Interviewed by Julian Portilla, 2003
This rough transcript provides a text alternative to audio. We apologize for occasional errors and unintelligible sections (which are marked with ???).
Q: Talk a little more, if you would, about your work as a Track I diplomat and how you engaged the Track II part of the conflict resolution field, and especially in seeking insider partials.
A: We didn't think of it as Track two at the time, but I spent, as I said, over eight years working to try and get South African troops out of neighboring countries, to get Cubans out of Africa, where they had no business being, and in effect to end the Cold War on the regional level in South Africa. We were often groping for channels and insider partials. It's really all about channels.
We found it very easy as a government of a superpower to get received officially, of course.

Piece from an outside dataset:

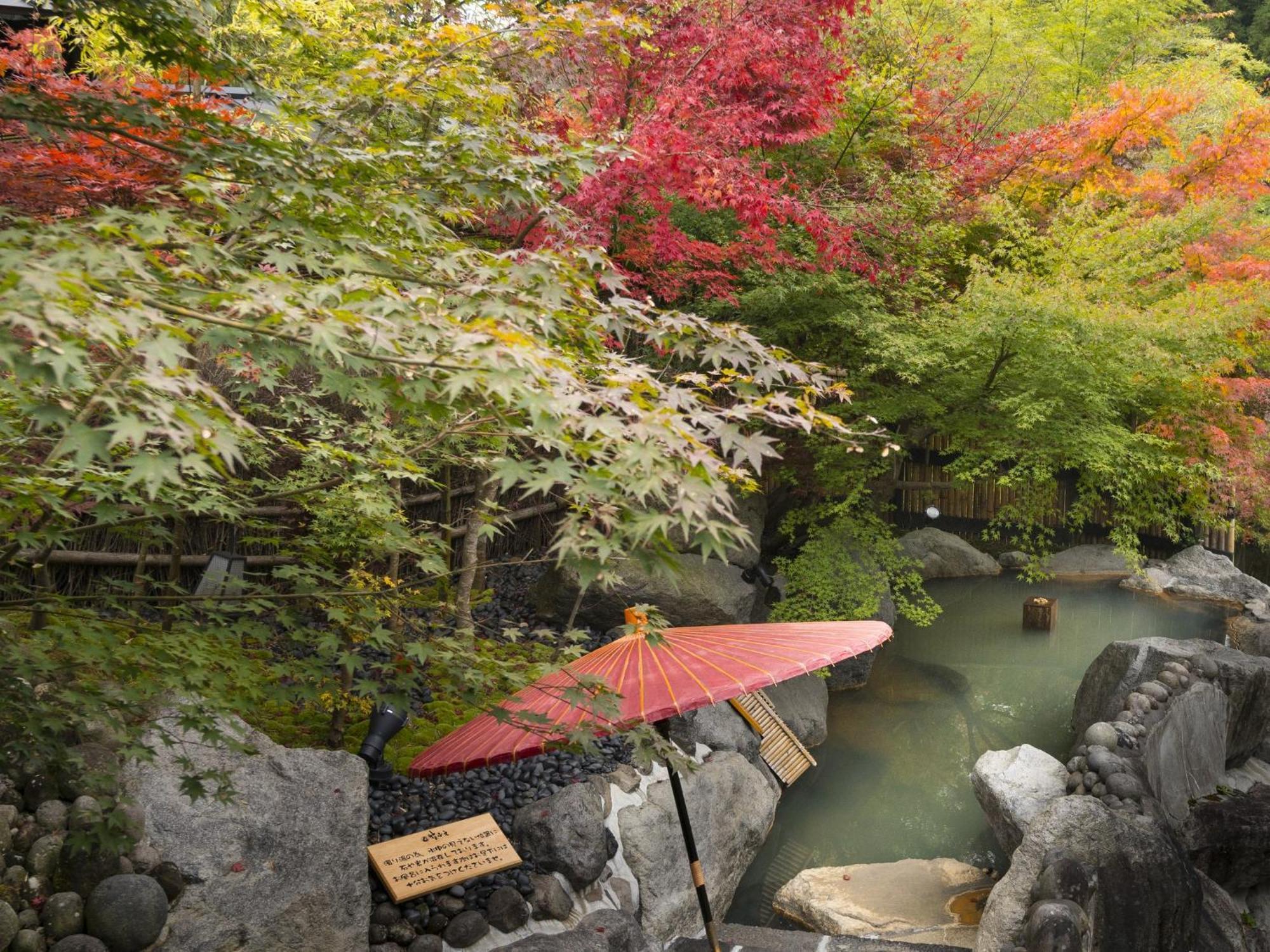 Hikyou Shirakawagensen Sansou Takefue Minamioguni Extérieur photo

People don't say no to the United States when you ask for a meeting. That official meeting didn't necessarily mean much, and what you really want to do is to get to the people who really make decisions. You're trying to figure out how to read what are quite often very darkened rooms where there's very little transparency. You're trying to figure out who in the Cuban government makes decisions, who in the South African government, who in the Angolan government, who within SWAPO, or some other such movements really make the decisions. The way you find that out is quite often by talking to their friends, their ideological allies and bedfellows, just the veterans who've been around the story for a long, long time, where there's lots of fraternal conflicts that go back a long time. We wound up spending a lot of our time, doing that nearly-decade-long experience talking to people who didn't have official jobs at all, but who know the parties much better than we did. Sometimes we'd learn interesting things and that's as far as it'd go. Sometimes we actually got hot information that we would never have gotten through official channels.
Q: People like that will actually talk to American Track I diplomats?

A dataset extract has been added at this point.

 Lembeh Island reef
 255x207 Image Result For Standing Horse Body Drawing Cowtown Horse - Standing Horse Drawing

A: Sure they will, but only if there's an effort made to build the connections, you know. Part of the Track I job is to make your self the center, the pivot, and to make yourself indispensable to progress. That sounds aggressive, and to some degree it is aggressive. What you're doing is killing alternative approaches, or co-opting them. On the other hand, part of what you're doing is trying to build the strongest-possible intervention, so that it's irresistible and it's attractive. By the end of the story everybody was on our side of the table: the Russians, the U.N., and the Cubans. I mean, this agreement that I'm referring to almost went off the table, went off the Tracks after an unexpected military adventure by SWAPO's leadership, just before the implementation of the peace agreement was about to begin. We got on the telephone before that was common practice and called the Russians by open-line telephone calls, which never used to happen, got in touch with the Cubans on the open line to consult them as to what we were going to do to get this thing back on the Track.
The reaction of the Cubans was startling, these people are threatening our agreement. In other words they saw it as their agreement.
Q: Which is a success?
A: Absolutely. That's what you've got to do ultimately, but that takes a lot of time, to make this everybody's agreement and to isolate those who would be spoilers or feel threatened by it.
Q: So if I understand you, the parties to this agreement were Cuba, South Africa
A: Angola, and indirectly SWAPO, the liberation movement in Namibia.
Q: The players included were Russia, the United States, and several others I'm sure, in Southern Africa.
A: All the frontline states. The British were very central players in this. We had a contact group of Western allies who involved in it as well, but the Brits were the key players for many reasons. They had good judgment, they knew the region well, and they had excellent channels of their own to some of the key players.
Q: When you get that kind of support from Cuba, in a situation like that, which would be an outlier, possibly a spoiler, how do you use that then to deal with someone like SWAPO? Can you say, look, the Cubans are upset that you're doing this, back off, or do the Cubans then take direct action and intervene to save the agreement, as in that particular case?
A: In that particular case, what we did was to summon an emergency meeting of a joint commission that we'd established just a few months earlier to work out the problem. We let these, shall we call it the liberation alliance or the socialize alliance or whatever you want to call it, we let them sort it out amongst themselves. In the meantime what had happened is that the only way to stop this military adventure was for the UN to authorize the South Africans to go after SWAPO, which is what they did. There was a military response as well as a political response. That sorted things out, and within months SWAPO was behaving itself and was back inside the country in a non-military fashion, and working effectively within the terms of the agreement. Of course that led to the constitutional process. Then came their first election, which, not surprising to anybody, SWAPO won and they're now the government of Namibia. That wasn't a surprise either, but they did not come in through the barrel of a gun, which was the key optical point.
Q: Is that an example of not allowing too much slack for the parties?
A: I think it is an example, yeah.
One of the things we designed, intentionally, but it was sort of by learning on the job, was that as soon as there was a settlement there should be a joint commission set up amongst the signatory parties with the observer parties participating. That would meet every month for the duration of the agreement, and the agreement had about a 30-month calendar for implementation.
I think that's something that has wide applicability in other cases. I think it should be systematically used so that the signing parties have a forum.